I disagree with Yin’s analysis somewhat. While it is true that there are “a (relatively) small number of students” with extreme educational debt, malfeasance by academic institutions has the same sorts of diffuse, wide-ranging implications that malfeasance by corporations has. The federal government subsidizes or provides outright the bulk of law student loans. Were it not for this subsidy, it is highly doubtful that law schools would attain their currently high enrollment numbers since no rational (i.e., unsubsidized) lender would loan six figures each to tens-of-thousands of 22-year-olds (at least, not on terms that would result in tens-of-thousands of new law students each year).
Like it or not, the U.S. government is heavily subsidizing legal education by providing students with access to virtually unlimited capital.
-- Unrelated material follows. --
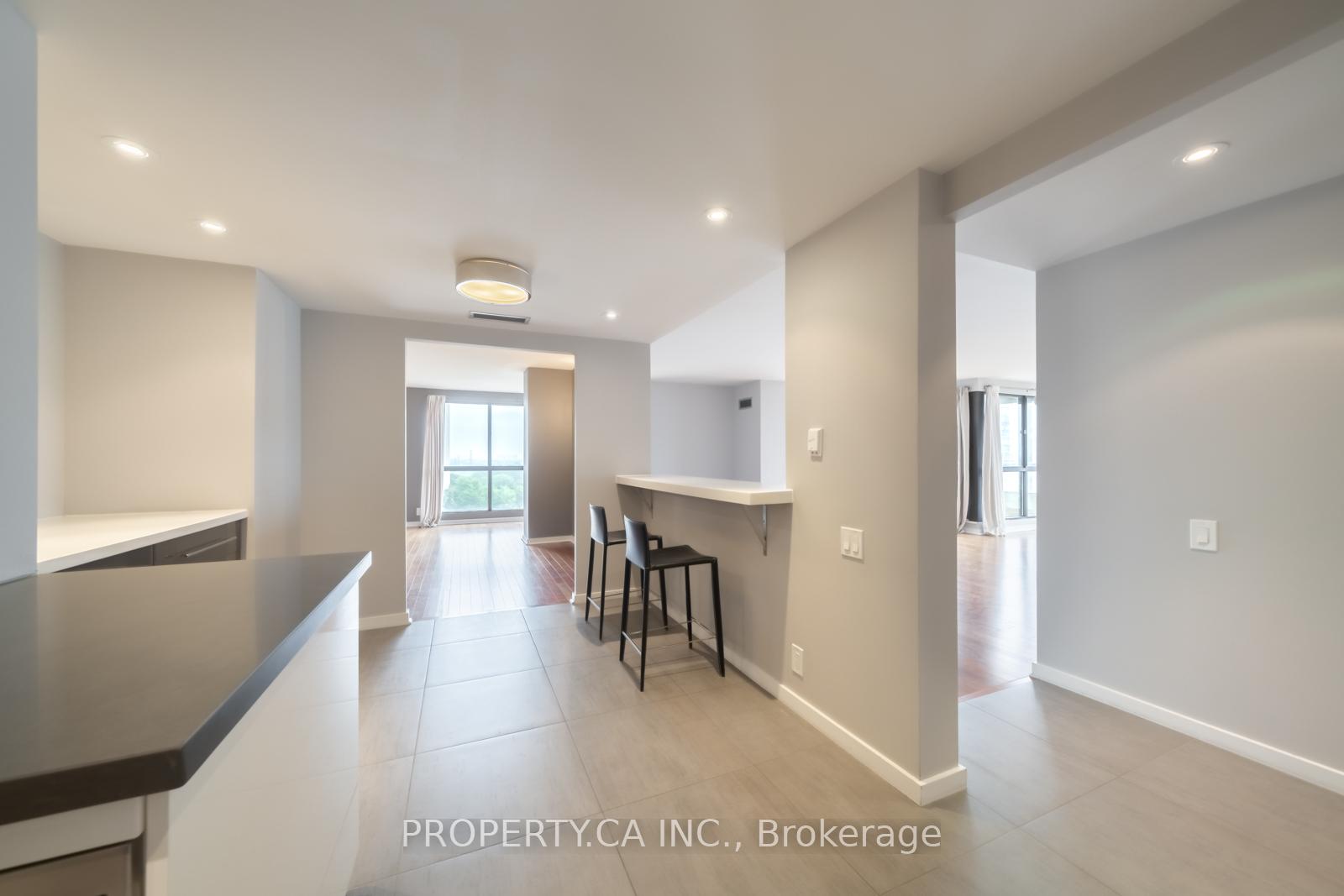 Photo 6 of Unit 1202, 1 Concorde Place, North York, Banbury-Don Mills — HOMEH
One can argue whether or not this represents a prudent investment in the nation’s future or an impending boondoggle on the scale of Fannie Mae and Freddie Mac, but it seems clear to me that somebody should be requiring law schools to reveal the cold, hard facts on the value they are providing to their graduates.
The tired free-market-vs.-regulation arguments don’t really work here. Law schools are not a free market; they’re a heavily subsidized one. Unless and until that changes, I for one think the government is perfectly (and prudently) within its rights as the subsidizer to require fair, full, and accurate employment disclosure from law schools.